Monday, February 3, 2014

52 Ancestors: #5 ~ The F. E. Webster Dental and Photo Boats

Among the many photos that my maternal grandfather, Debs Warren Webster, owned was this fascinating picture of the F. E. Webster Dental and Photo Boats.

Webster Dental & Photo Boats 1896-1902 at Lake Charles, Louisiana

This photo is on some kind of thick cardboard paper. As you can see, someone wrote on it. The writing on the top is in Portuguese. According to my mom, who speaks Portuguese, the basic translation is as follows –
"A  French family built this. With imitation steam, but a horse makes the wheel in the back move in order to navigate the boat."
Well, that's interesting! It sounds like the third boat in this photo, the larger one on the far left with people standing on the top deck, is an imitation steam paddlewheel boat that was actually drawn by a horse on the shore. Although, I can't imagine that only one horse would have pulled this boat.
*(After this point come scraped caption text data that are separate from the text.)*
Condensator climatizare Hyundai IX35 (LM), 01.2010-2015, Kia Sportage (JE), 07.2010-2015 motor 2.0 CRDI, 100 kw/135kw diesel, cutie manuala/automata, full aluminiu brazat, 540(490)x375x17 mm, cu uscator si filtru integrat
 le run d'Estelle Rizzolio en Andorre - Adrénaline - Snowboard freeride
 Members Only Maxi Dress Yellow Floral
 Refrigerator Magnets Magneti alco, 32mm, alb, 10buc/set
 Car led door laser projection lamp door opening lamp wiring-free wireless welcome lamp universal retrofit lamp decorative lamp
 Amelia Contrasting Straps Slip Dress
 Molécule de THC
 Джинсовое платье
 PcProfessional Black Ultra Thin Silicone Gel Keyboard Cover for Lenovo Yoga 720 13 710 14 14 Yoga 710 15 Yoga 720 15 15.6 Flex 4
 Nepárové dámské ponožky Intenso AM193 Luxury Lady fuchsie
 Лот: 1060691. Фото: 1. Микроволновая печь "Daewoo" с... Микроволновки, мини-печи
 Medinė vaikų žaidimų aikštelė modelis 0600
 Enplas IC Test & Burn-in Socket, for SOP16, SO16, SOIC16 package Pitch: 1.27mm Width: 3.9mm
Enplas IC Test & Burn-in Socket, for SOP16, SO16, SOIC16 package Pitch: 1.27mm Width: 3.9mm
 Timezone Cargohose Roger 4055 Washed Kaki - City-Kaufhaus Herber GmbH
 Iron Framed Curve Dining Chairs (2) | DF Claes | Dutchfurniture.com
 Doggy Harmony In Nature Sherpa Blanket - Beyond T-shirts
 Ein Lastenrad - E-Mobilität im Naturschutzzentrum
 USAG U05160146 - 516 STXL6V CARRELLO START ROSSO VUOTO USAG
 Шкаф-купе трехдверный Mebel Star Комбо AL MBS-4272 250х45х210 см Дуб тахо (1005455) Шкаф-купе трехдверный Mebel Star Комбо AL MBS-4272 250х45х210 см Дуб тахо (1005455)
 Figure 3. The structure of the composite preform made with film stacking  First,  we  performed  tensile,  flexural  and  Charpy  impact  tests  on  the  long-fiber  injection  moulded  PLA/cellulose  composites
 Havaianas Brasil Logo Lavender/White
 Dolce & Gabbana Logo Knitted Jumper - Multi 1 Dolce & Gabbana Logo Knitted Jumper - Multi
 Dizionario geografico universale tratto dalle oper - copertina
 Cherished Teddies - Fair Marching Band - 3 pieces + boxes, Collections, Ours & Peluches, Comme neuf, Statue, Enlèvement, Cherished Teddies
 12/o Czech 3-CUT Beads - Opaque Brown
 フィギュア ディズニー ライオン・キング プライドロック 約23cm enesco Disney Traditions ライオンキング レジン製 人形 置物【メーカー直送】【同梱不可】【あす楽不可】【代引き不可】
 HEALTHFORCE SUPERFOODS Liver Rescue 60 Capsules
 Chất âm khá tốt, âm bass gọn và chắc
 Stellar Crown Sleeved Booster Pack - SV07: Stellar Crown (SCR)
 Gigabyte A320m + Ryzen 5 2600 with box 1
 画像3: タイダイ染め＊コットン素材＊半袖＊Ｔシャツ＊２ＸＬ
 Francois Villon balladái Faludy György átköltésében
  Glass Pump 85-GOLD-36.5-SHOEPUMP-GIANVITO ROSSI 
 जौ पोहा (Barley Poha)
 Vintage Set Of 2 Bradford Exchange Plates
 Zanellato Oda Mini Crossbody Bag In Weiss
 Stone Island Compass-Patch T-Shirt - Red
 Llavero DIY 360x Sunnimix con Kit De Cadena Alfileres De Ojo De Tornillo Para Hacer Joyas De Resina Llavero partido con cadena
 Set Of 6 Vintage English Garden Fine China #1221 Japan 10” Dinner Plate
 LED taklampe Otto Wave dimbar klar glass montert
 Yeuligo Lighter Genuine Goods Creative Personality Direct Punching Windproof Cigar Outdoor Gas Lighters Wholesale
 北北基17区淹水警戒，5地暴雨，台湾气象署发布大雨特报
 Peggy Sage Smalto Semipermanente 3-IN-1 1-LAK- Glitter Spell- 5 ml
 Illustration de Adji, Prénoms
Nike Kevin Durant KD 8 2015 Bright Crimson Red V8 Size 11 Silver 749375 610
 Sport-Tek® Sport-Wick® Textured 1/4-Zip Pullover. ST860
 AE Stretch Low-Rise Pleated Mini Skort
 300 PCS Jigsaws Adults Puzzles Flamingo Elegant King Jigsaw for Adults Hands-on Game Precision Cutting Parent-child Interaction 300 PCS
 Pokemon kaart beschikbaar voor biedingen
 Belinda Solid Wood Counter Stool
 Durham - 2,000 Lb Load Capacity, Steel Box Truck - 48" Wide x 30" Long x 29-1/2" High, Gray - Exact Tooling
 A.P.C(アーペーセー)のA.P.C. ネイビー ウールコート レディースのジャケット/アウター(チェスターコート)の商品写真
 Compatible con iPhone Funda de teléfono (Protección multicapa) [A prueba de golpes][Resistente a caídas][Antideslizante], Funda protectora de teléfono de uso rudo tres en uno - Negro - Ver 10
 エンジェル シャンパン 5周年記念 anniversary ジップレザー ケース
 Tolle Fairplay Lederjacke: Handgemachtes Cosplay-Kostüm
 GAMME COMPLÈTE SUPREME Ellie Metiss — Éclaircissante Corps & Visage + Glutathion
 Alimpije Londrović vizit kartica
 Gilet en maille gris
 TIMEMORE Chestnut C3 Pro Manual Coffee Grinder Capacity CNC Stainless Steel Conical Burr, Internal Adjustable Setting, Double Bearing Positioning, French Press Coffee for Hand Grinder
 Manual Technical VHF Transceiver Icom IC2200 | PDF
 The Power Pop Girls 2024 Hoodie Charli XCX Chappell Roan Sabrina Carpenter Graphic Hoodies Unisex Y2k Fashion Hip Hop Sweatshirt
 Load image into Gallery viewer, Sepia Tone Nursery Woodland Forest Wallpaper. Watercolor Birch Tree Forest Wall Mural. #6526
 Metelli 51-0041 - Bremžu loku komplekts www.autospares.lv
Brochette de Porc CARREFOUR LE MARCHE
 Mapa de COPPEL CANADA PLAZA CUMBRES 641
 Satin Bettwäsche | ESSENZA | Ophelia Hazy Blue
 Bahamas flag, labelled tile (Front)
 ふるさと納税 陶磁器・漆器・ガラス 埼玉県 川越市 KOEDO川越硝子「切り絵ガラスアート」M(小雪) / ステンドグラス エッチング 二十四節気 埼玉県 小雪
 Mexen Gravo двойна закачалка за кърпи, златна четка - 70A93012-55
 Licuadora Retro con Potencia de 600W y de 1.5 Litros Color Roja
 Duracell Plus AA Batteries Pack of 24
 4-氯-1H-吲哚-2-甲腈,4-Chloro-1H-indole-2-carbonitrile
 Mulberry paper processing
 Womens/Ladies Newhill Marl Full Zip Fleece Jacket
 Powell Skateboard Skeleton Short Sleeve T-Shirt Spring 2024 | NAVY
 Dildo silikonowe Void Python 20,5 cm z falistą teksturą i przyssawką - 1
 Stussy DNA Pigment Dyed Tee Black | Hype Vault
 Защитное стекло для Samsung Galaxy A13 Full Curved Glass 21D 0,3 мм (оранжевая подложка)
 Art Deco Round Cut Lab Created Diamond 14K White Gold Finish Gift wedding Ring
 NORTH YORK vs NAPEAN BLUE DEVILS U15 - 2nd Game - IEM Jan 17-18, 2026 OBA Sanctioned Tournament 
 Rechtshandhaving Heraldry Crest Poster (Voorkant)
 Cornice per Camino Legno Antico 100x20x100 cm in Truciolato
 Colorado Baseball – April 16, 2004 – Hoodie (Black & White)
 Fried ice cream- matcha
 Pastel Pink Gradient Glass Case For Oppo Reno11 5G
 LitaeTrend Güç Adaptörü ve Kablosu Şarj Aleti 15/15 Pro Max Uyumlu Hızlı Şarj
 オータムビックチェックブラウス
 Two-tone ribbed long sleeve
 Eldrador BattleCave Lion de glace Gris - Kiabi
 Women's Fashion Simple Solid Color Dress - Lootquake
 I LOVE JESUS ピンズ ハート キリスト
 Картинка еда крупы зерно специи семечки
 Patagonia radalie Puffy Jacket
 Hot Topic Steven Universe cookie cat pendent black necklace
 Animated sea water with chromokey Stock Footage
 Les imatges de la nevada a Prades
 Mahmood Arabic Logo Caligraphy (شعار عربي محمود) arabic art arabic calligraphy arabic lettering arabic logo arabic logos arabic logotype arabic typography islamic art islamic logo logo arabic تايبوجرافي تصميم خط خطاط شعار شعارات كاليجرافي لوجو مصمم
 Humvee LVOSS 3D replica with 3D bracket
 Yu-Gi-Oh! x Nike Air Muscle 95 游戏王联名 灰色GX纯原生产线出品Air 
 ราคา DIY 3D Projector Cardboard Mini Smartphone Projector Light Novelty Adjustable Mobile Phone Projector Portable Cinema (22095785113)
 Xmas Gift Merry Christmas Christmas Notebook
I'm glad whoever wrote on this photo decided to include the location and dates. It looks like these boats were docked at Lake Charles, Louisiana. And it's dated 1896 – 1902.

F. E. Webster was my maternal great-grandfather, Frederick Emory Webster, also known as "The Traveling Dentist" here on my blog. My regular readers have likely heard of him before. He was born on 14 February 1864 in Coolville, Athens, Ohio. He was the third of six children born to Ebenezer Perry Carlisle Webster and Cynthia Maria Waterman. If you read last week's 52 Ancestors post, you may remember Ebenezer Perry Carlisle Webster's photo album that I shared here on my blog.

Frederick was actually named Watson Emory Webster at birth, but later changed his name to Frederick Emory Webster. I've written a post theorizing about why he changed his name. You can read about that HERE.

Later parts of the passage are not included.